Thursday, 24 May 2012

JOHOTIN (FV RM1.70 - BUY) 1QFY12 Results Review: Hitting The Sweet Spot


Johore Tin (JTB)’s annualized  revenue and core net profit  came in spot on with our expectations, accounting for 97.8% and 100.0% of our estimates respectively. All in all, we remain bullish on the prospects of its dairy products manufacturing business as we expect its sales to be strong this year. Based on our SOP valuation of JTB’s tin can manufacturing business at 6.5x FY12 EPS and dairy products manufacturing at 8x FY12 EPS, our BUY call is maintained with our FV kept at RM1.70.

Spot on.  JTB’s annualized revenue and core net profit were spot on within our expectations, accounting for 97.8% and 100.0% of our estimates respectively. The EBITDA margin shrank to 10.3% this quarter compared to 15.0% in the preceding quarter, while the EBIT margin shrank to 7.9% this quarter compared to  14.4% in the preceding quarter. The margin compression was mainly attributed to an increase in operating costs and decrease in selling prices.

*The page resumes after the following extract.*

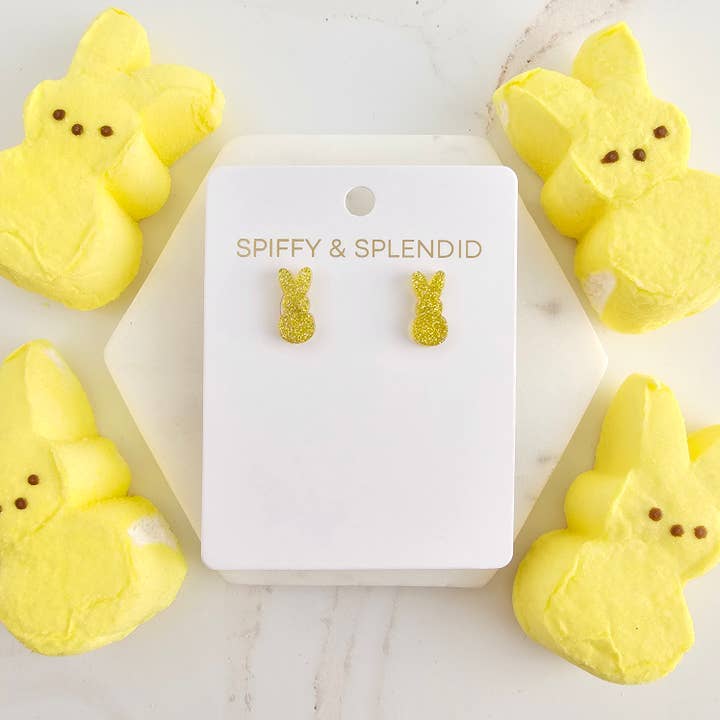 Glitzer-Hasen-Stecker - Gelb // Ohrringe, Schmuck, Ostern für den Großhandel von Spiffy & Splendid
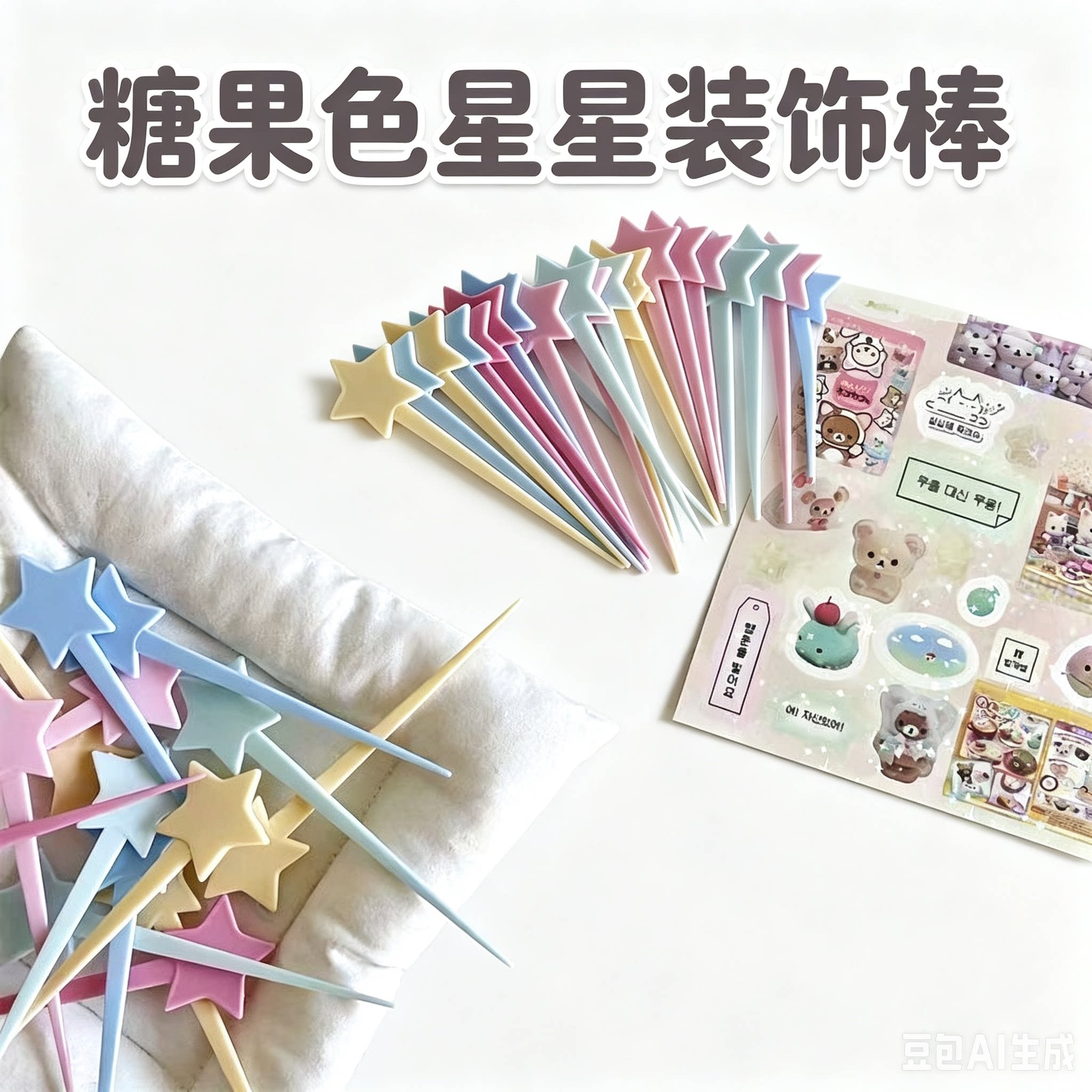 小红书ins马卡龙星星棒打包可爱配件填充物Diy应援手账装饰材料包图片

Tin business performed as expected.  JTB’s tin can manufacturing recorded a lower profit before tax of some RM1.58m compared to RM3.19m in the previous year due to higher raw material prices and increase in operating costs. As highlighted previously, we anticipate a slower 1H12 for its tin can manufacturing business due to seasonality but we expect demand to strengthen in 2H12.

Dairy product manufacturing business to improve.  JTB acquired the dairy product manufacturing business with a net profit guarantee of RM10m for FY12. We note that its dairy product manufacturing business recorded a profit of some RM2.44m  this quarter, mainly attributed to lower selling prices due to the softening prices of raw materials. Management added that there was no taxation on its profits for its dairy product manufacturing business this quarter as the company has an export tax credit which was not recognized last year. Nonetheless, since we expect demand to increase accordingly with the lower selling prices, we remain positive that the acquired company will be able to deliver its profit guarantee of RM10m this year.

Maintain BUY. All in all, we continue to like the stock given the strong prospects of the group moving forward, which is further sweetened by its still-attractive valuation. We believe the company will see further upside once its expansion plan is firmed up. We are reiterating our BUY recommendation on JTB with a FV of RM1.70, premised on its 12-month forward earnings – 6.5x PER for its tin can manufacturing business and 8.0x PER for its dairy product manufacturing division.